On July 31, 2025, KAZD's main signal was switched from Spectrum News 1 to MeTV+, which still broadcasts on KAZD-DT4.

==Technical information==
===Subchannels===
The station's signal is multiplexed:

Subchannels of KAZD
| Subchannel | Res.Tooltip Display resolution | Short name | Programming |
| 55.1 | 720p | WEST | WEST |
| 55.2 | MeTV | MeTV |
| 55.3 | TOONS | MeTV Toons |
| 55.4 | 480i | MeTV+ | MeTV+ |
| 55.5 | STORY | Story Television |
| 55.6 | CATCHY | Catchy Comedy |

===Analog-to-digital conversion===
On May 22, 2006, KAZD—as KLDT—signed on its digital signal on UHF channel 54. This would be key, as Qualcomm, which was launching its ill-fated MediaFLO service on 716–722 MHz (the frequency corresponding to UHF channel 55), would request them to stop using channel 55. On November 17, 2006, the Federal Communications Commission gave permission for KLDT to shut off its analog transmitter facilities and "flash-cut" to its final digital channel at the end of the digital transition period.

KLDT shut down its analog signal, over UHF channel 55, on January 1, 2007. The station's digital signal remained on its pre-transition UHF channel 54 in the interim, becoming the first station in the market to broadcast exclusively in digital.

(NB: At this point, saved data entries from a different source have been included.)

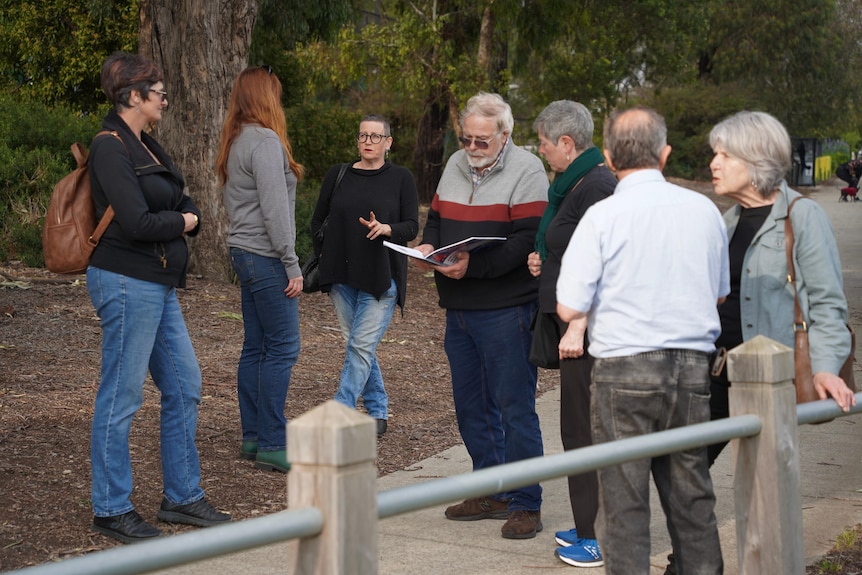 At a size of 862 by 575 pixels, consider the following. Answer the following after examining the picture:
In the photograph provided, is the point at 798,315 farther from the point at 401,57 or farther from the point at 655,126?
the point at 401,57

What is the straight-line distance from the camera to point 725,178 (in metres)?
4.29

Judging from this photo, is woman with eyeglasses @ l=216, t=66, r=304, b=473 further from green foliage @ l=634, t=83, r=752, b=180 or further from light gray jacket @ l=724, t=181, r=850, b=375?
green foliage @ l=634, t=83, r=752, b=180

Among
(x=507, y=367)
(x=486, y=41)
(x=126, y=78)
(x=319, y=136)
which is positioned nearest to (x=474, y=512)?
(x=507, y=367)

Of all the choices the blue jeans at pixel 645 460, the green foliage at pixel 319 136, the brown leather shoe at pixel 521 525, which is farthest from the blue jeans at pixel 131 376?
the green foliage at pixel 319 136

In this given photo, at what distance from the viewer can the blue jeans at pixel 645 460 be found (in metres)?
3.79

On June 12, 2009, KLDT relocated its digital signal to UHF channel 39 after KXTX shut down its analog signal on that channel, using virtual channel 54 from 2007 to 2010; in December 2010, what is now KAZD changed its virtual channel to 55. UHF TV channels 52 through 69 were removed from television broadcast use as a part of the transition from analog to digital.